The INL test did not compromise the relays rather used existing relay settings. (Andy Greenberg’s book Sandworm stated it only took 30 lines of code. In reality, Aurora took zero lines of code). The test met the intent of the Aurora demonstration program—destruction of equipment by bits and bytes, and not by dynamite. Specifically, the damage to the generator included damage to fourteen of sixteen engine cylinders and the destruction of the engine-to-generator coupling. As a result, June 21, 2007, the North American Electric Reliability Corporation (NERC) Electric Sector (ES) – Information Sharing and Analysis Center (ISAC) issued an Advisory on Aurora to Electricity Sector Owners and Operators because the ES-ISAC was aware Aurora could cause significant consequences.

Aurora was initially labeled For Official Use Only. However, in 2015 the Department of Homeland Security (DHS) publicly released more than 800 pages of information about the INL Aurora program. Some of that released information identifies how Aurora could damage ac equipment in refineries, water systems, and pipeline compressor stations.

Aurora is not a hypothetical risk. There have been several domestic and international Aurora events that have damaged critical equipment. Examples include damage to chiller motors in a U.S. data center by relay reclosing from the local utility (the lack of forensics precludes knowing whether the reclosing was malicious or unintentional, or even if done by the utility itself). Another Aurora incident involved the destruction of an Iranian power plant turbine due to a coupling failure similar to the failure of the INL generator. I published this case in December 2020 because of the rarity of a catastrophic coupling failure.

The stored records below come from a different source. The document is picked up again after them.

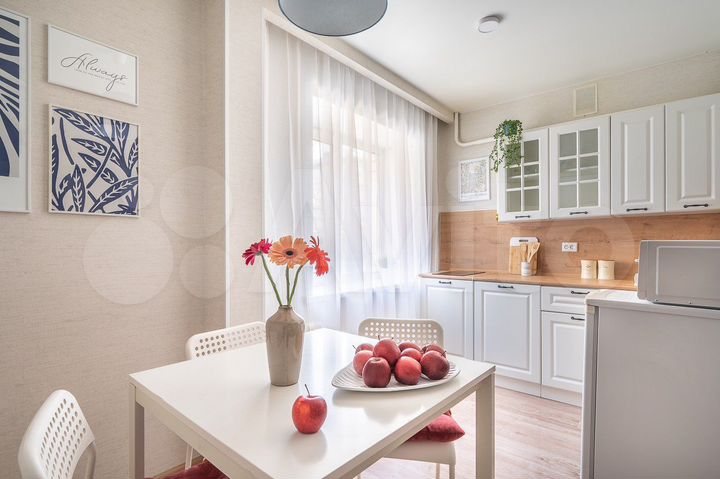 1-к. квартира, 42 м², 1/5 эт.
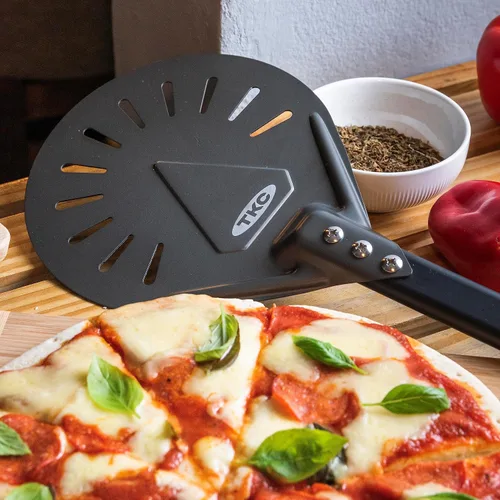 Vista 6 de TKC Cáscaras perforadas de pizza de 12 pulgadas y 8 pulgadas – Pelar profesional de aluminio para pizza – Espátula de pizza de metal de mango largo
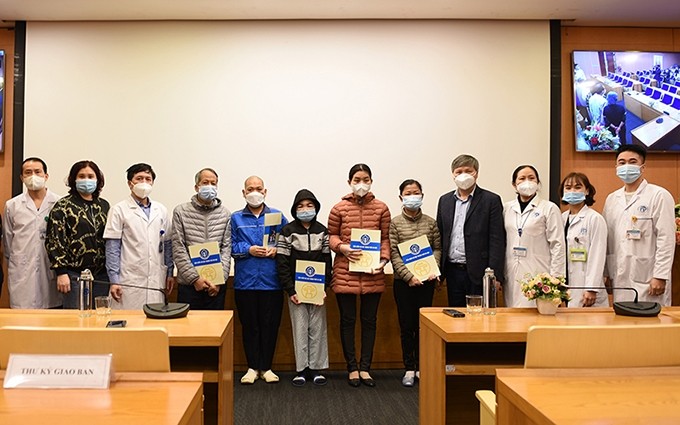 Acto de entrega en el hospital general de San Pablo. (Fotografía: Seguro Social de Hanói)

And, finally, the December 2016 Russian cyberattack on the Ukrainian power grid attempted to reclose breakers to cause equipment damage — a deliberate attempt to induce an Aurora condition to cause long-term outages.

Get your subscription to Control's tri-weekly newsletter.

In the 2012-time frame, members of Congress (Senator Markey and Congressman Waxman) issued a survey to the utilities on the status of Aurora mitigation because of their concern that Aurora was not being addressed. Their questions included:

1. Does your organization fully understand Aurora?
2. Has your organization assembled a project team to assess Aurora susceptibility and/or develop Aurora mitigation recommendations?
3. What is your plan to respond to customer inquiries regarding Aurora?
4. Has your organization taken steps to mitigate the risk of an Aurora even to attack, as both a consumer and provider of electric power?
5. Is your project plan complete? If not, when do you expect it to be complete? Please indicate within the mitigation plan what types of assets were considered for inclusion.
6. Are your mitigation efforts complete? If not, when do you expect them to be complete?

From 2012 to 2013, DOD initiated a public-private partnership effort to install and monitor Aurora hardware mitigation devices at electric utilities. Two utilities worked with DOD and the effort was documented in the September 2013 Power magazine article, “What You Need to Know (and Don’t) About the Aurora Vulnerability.”

As industry interest in Aurora remained low (anecdotal evidence and responses to the Congressional survey), the Aurora hardware mitigation team worked with Mission Secure Inc. (MSI) to present an Aurora demonstration at the 2016 ICS Cybersecurity Conference. MSI procured a modern digital protective relay to analyze. They arbitrarily chose an SEL751A relay as SEL relays are state-of-the art and prevalent throughout the U.S. electric system. The members of the MSI attack team were not familiar with electric grid operations or protective relays. Yet, within a short period of time, MSI was able to take complete control of the HMI, the SEL relay, etc. At the ICS Cybersecurity Conference, MSI demonstrated a variety of attack scenarios including locking out the operators and administrators, removing the ability to trip, removing the ability to use any of the buttons as manual overrides, and more. The demonstration was not without its detractors. This is why that attack scenario development involved an electric substation manager intimately knowledgeable about relay operation and SEL relays to ensure the test scenarios were credible.